### REQUIRED WORK
Repeat only the lines from the one containing "Комнатные растения разные" to the final line below, exactly as they read, and leave every picture out.

### DATASET EXCERPT
************

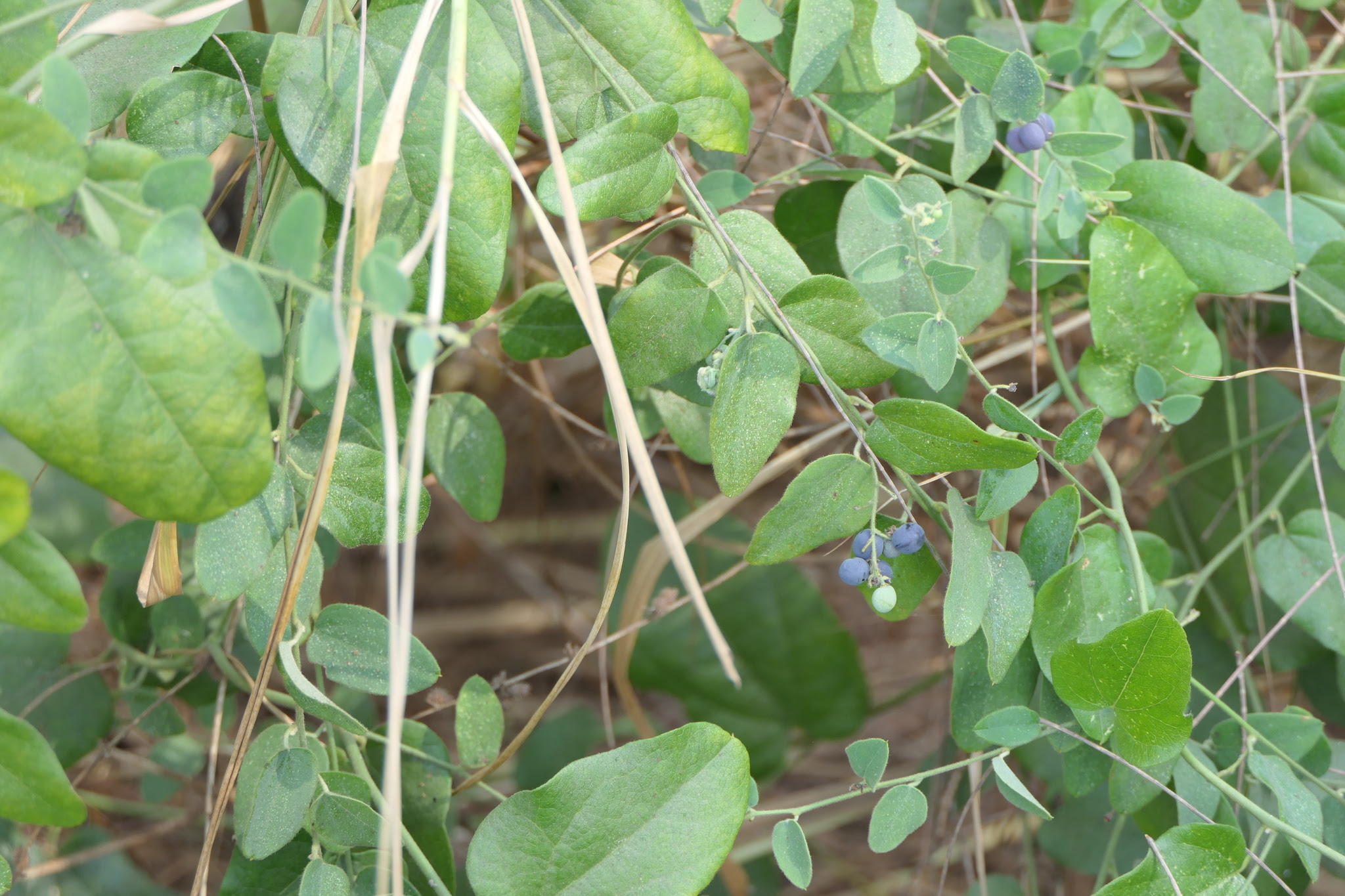 Cocculus hirsutus (L.) W.Theob.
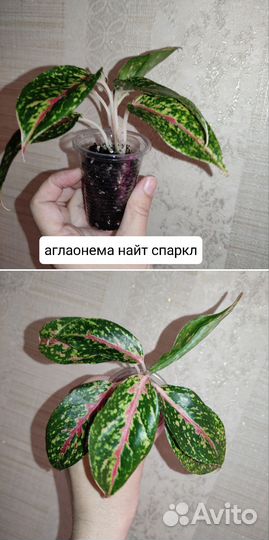 Комнатные растения разные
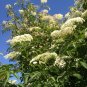 American Elderberry Sambucus canadensis 100 Seeds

************

### TASK ANSWER
 Комнатные растения разные
 American Elderberry Sambucus canadensis 100 Seeds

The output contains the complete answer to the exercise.